(TASK OBJECTIVE) Leave out all pictures and retype exactly the lines from the one with "Damen modische Oversized-Jacke" through the last line of the material.
[RECORDS FOR PROCESSING — start]
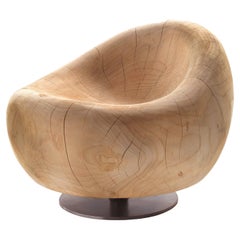 Fauteuil Island en bois de cèdre sur base laquée en fer pivotant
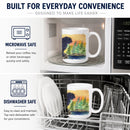 Puli Ceramic Coffee Mug 15 oz Decorative Large C Handle Mug Cup for Tea, Cocoa Hot Chocolate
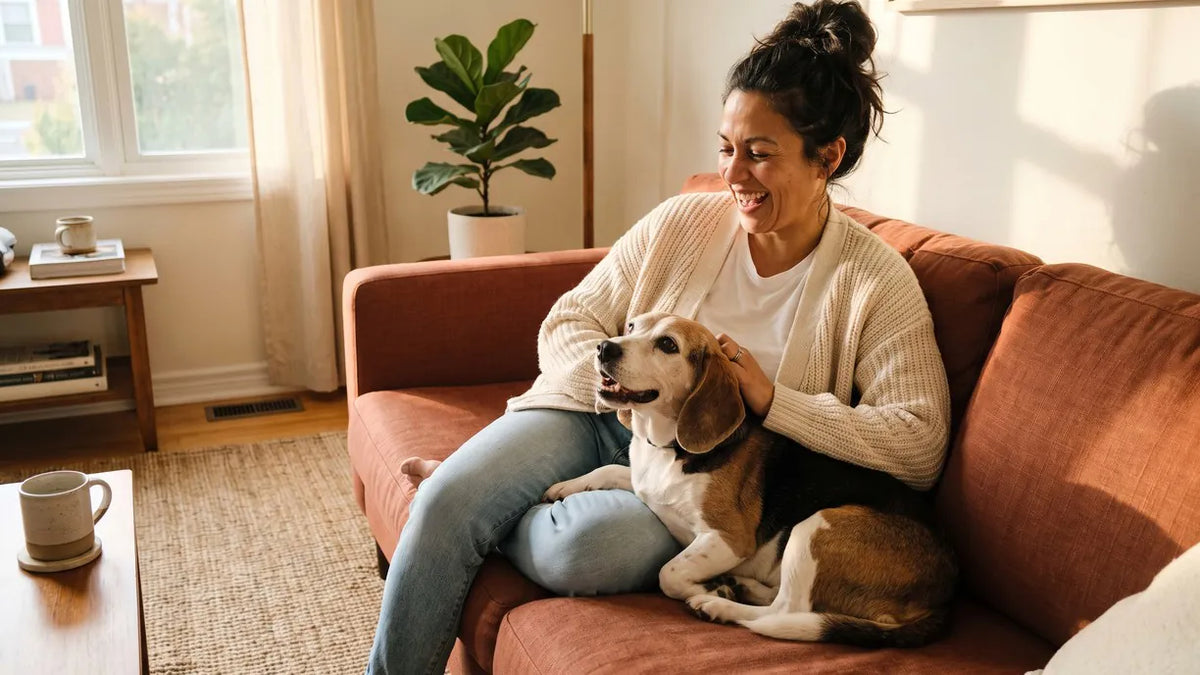 Gina on the couch with her beagle Cooper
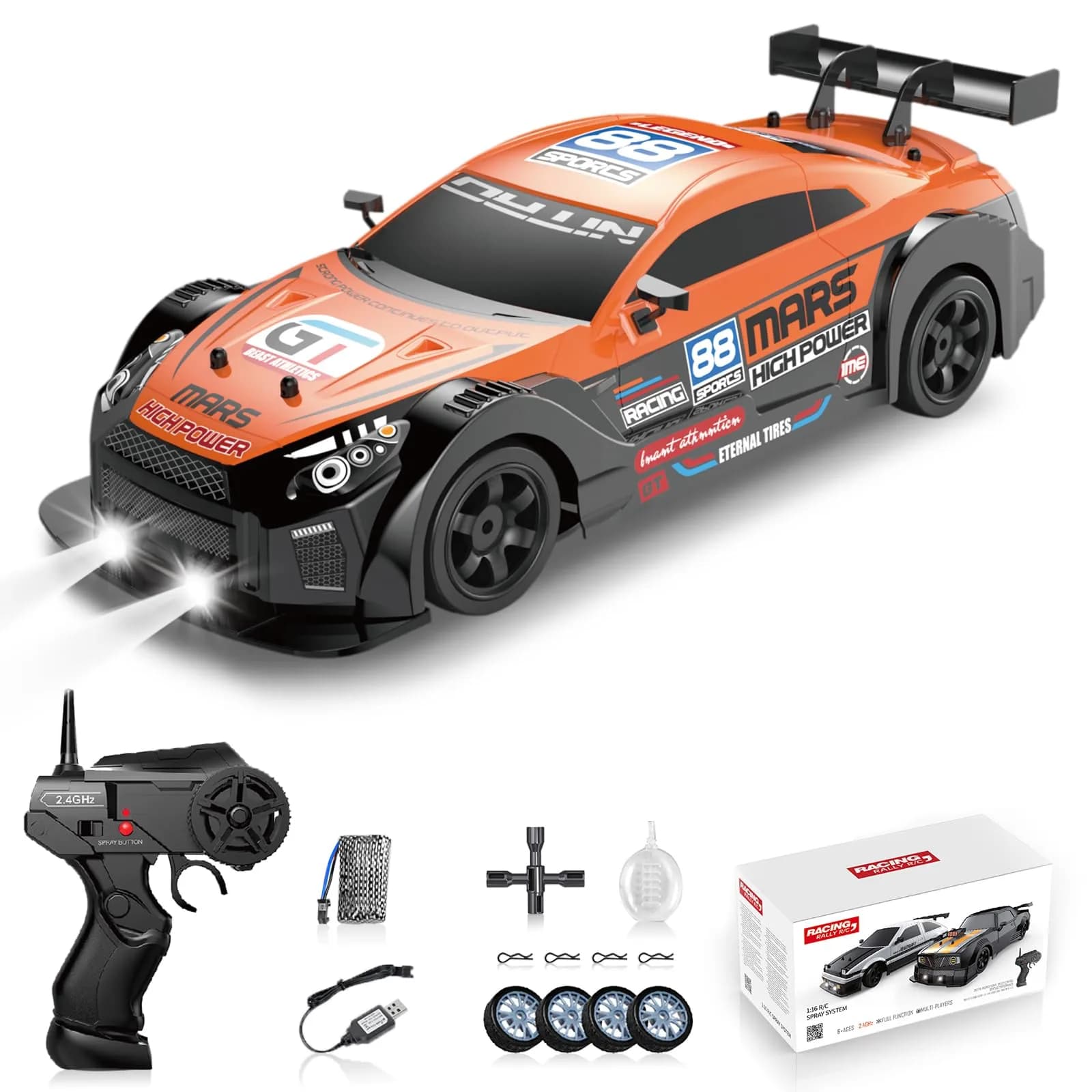 Sakeye 1/16 Scale RC Drift Car with Spray & Lights, 4WD High-Speed Remote Control Car with Extra Tires (Black) — Orange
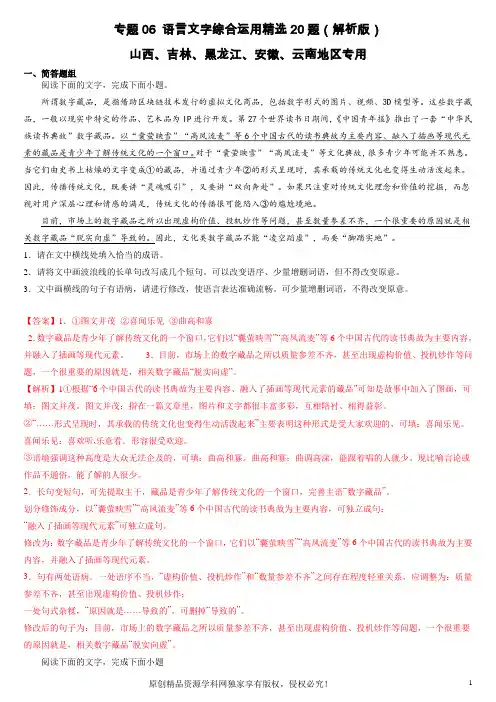 语言文字综合运用精选20题(解析版)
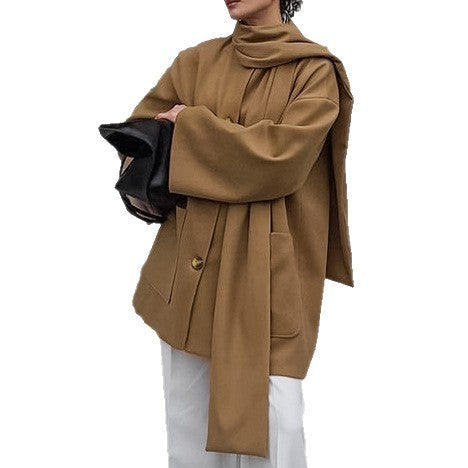 Damen modische Oversized-Jacke mit Schal und praktischen Taschen Drune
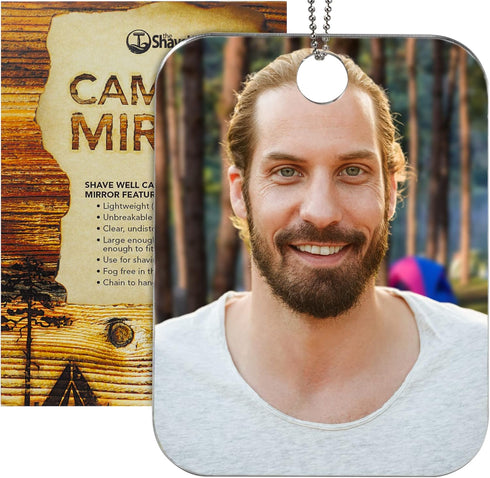 Shave Well Camping Anti-Fog Shaving Mirror, Fogless Hanging Mirror for Tent, Shower, Hiking, and Backpacking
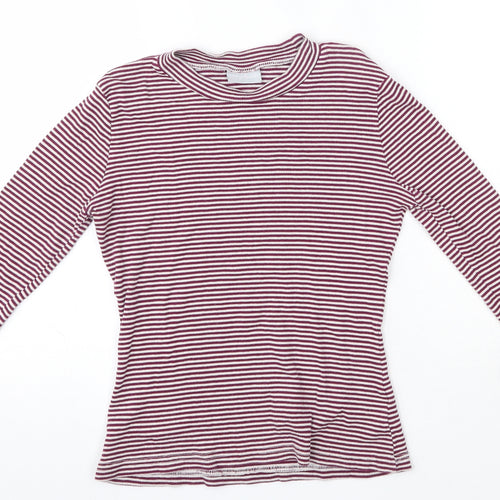 Matalan Girls Purple High Neck Striped Cotton Pullover Jumper Size 13 Years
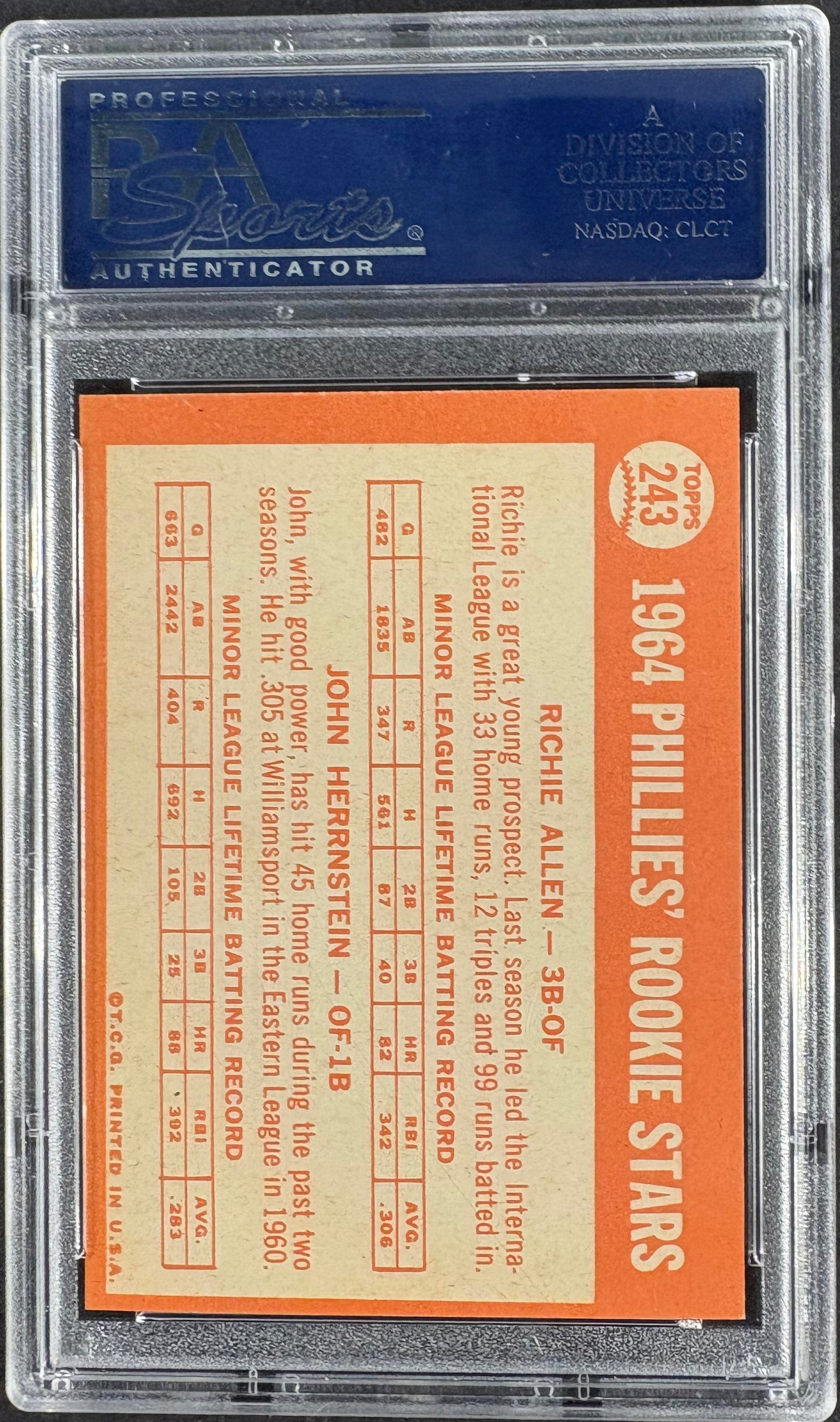 1964 Topps #243 Richie Dick Allen RC Rookie PSA 9 MINT High Grade ONLY 3 HIGHER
[RECORDS FOR PROCESSING — finish]
(SOLUTION TO THE PROBLEM)
 Damen modische Oversized-Jacke mit Schal und praktischen Taschen Drune
 Shave Well Camping Anti-Fog Shaving Mirror, Fogless Hanging Mirror for Tent, Shower, Hiking, and Backpacking
 Matalan Girls Purple High Neck Striped Cotton Pullover Jumper Size 13 Years
 1964 Topps #243 Richie Dick Allen RC Rookie PSA 9 MINT High Grade ONLY 3 HIGHER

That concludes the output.